Friday was an outdoor run by the Hudson River - a five-miler, the first real long run outside and a chance to test the treadmill's accuracy. Result? Treadmills lie to you every step of the way.
(I believe that it has something to do with the innate mechanisms governing the machine itself, but that's another blog post.)
Friday turned out to be a great running day - weather-wise, we had just survived a large snowfall and the streets had enough time to become salted and cleared (thank you Bloomberg) - but only just enough. The streetlight intersections had three-foot tall piles of grey-spotted snow piled up between the crosswalk joints, so that you had to either leap over the curb to cross the street, or carefully tip-toe your way through some seriously icy sludge and over to the other side before a little orange hand signaled the return of raging traffic (traffic which presented another adventure called "Drive-By Snow Splattering").
Shannon and I started out running from the lower West Side with the turn-around point destination being 46th Street, where the Intrepid resides.

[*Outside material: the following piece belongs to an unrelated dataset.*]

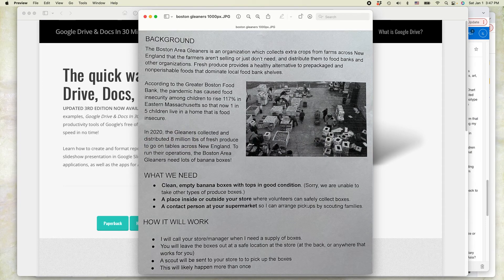So here's the story. I have this flyer. I took a picture of it with my phone — my iPhone, though it could be an Android phone — and then I brought it into my desktop computer. It can be a Windows, a Mac, or a Chromebook. And I'm going to take the text in this picture and get it converted to Google Docs so I can edit it, print it, or convert it to something else. Here's how to get started.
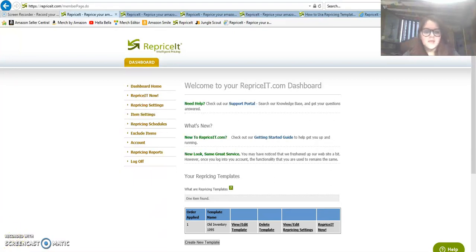If you want to try out RepriceIt.com you can get a free 30-day trial of their services. Thanks so much for watching this video guys, good luck with your Amazon FBA sales and take care until next time.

Though it was cold, we warmed up pretty quickly and managed to chat the whole way. This supposed "easy" run day felt comfortable - I felt like we were running perhaps a 16:00-min mile pace, considering how it felt to be on the treadmill the past two weeks at a 12:00-min mile pace. The scenery was interesting - winter running definitely provides some experiences one cannot imagine encountering in any other climate. The sight of the frozen river was one pleasant surprise; the sight of a half-naked fellow runner was another shocking surprise. Let it be said: distance runners who train in the winter are either crazy, bad-ass, or have a serious addiction.
While the outdoor run was refreshing, it did compare to the treadmill on one particular point - the mental grit moments. Reaching the halfway mark, I was glad to have Shannon with me as we traded stories about what to do when you hit a block of mental sludge on the automatic indoor road. We experimented with a few techniques right then and there, like acuity skills (high knees, grapevines, running backwards), re-focusing form (propelling from the arms or from specific leg parts), and motivational visualization (crackheads are chasing you, or perhaps there's an eligible-looking bachelor ahead of you). Before we knew it, we had arrived back at our starting point, and in a mere hour and 3 minutes.
Now, you can imagine our surprise when we sat down to log the results and discovered that we had been averaging a 12:45-min mile. The surprise came not only from the fact the run had literally felt slow, but the realization that the treadmill had been training us at a deceiving pace, albeit effective.
Earlier, Shannon had asked me what the value of doing an outside run was, and while I couldn't clearly articulate why we should be braving the weather, I didn't need to explain it by the time we finished.
It was clear to both of us that we have to keep an eye out for lying machines from here on out.